Five clinical trials based on UPS inhibition are currently in progress:18

  1. i)

    Velcade-TM (dipeptide boronic acid, Bortezomid, PS-341, Millenium Pharmaceuticals Inc.) is in Phase III clinical trials and the FDA has approved it for relapsed and refractory multiple myeloma and other solid cancers. It stabilises cell cycle and proapoptotic proteins, inhibits antiapoptotic proteins and affects tumour microenvironment;

  2. ii)

    MLN519 (lactacystin derivative, PS-519, Millenium Pharmaceuticals Inc.) has been approved for a Phase I clinical trial for acute stroke and myocardial infarct; it is a potent anti-inflammatory and neuroprotective compound;

  3. iii)

    Epoxomicin-Eponemycin (Streptomyces epoxyketones) is in preclinical development; it has cytotoxic effects in various tumour cells;

  4. iv)

    NLVS (trileucine vinyl-sulphone) is also in preclinical development; it is an irreversible inhibitor of trypsin- and chemotrypsin-like proteasome activities;

  5. v)

    Ritonavir (Peptidomimetic protease inhibitor; Abbott), a protease inhibitor currently indicated in HIV management, is also in Phase II clinical trials for tumour patients, based on its inhibition of chemotrypsin-like activity in the proteasome.

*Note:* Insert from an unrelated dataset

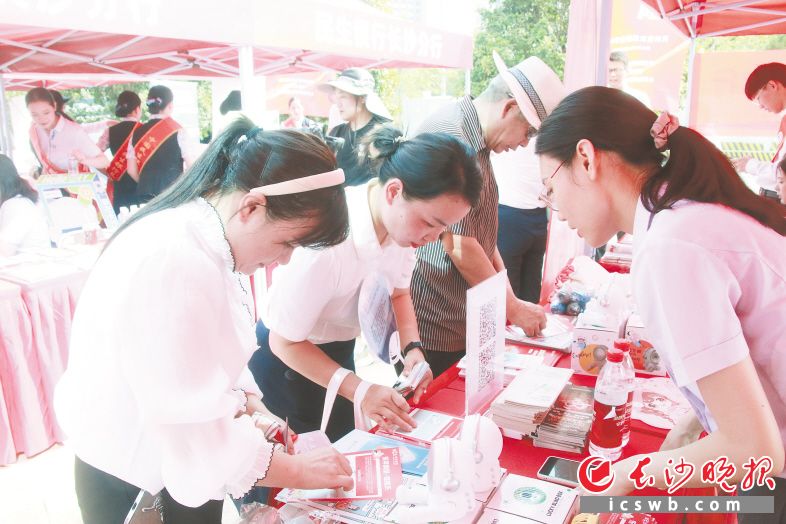 在国家金融监督管理总局湖南监管局的部署下,长沙银行开展2024年“金融教育宣传月”户外宣传活动,向消费者普及金融知识。李婧 摄 在国家金融监督管理总局湖南监管局的部署下,长沙银行开展2024年“金融教育宣传月”户外宣传活动,向消费者普及金融知识。李婧 摄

Only 20 years have passed since the discovery of the UPS by Aaron Ciechanover, Avram Hershko, Irwin Rose, celebrated in this special issue. These new inhibitors represent a new class of anticancer agents, acting on the UPS, undoubtedly providing therapeutically valuable tools. However, to achieve more specificity, and thus increase the safety and efficacy of therapeutic agents targeting the UPS, the intervention of upstream proteasome degradation is desirable, that is ubiquitination by E3 ligase. This suggests, in fact, that possibly the best selectivity should not be searched for at the proteasome level, but rather upstream, at the E3 ligase level. To date no E3-specific inhibitors have been developed. This will be the object of forthcoming research.

We are indebted to The Nobel Foundation for this exceptional opportunity to provide our readers with a unique point of view. We hope our readers will, indeed, perceive the human dimension underpinning these readings and that they will stimulate enthusiasm, perseverance and determination in a new generation of researchers.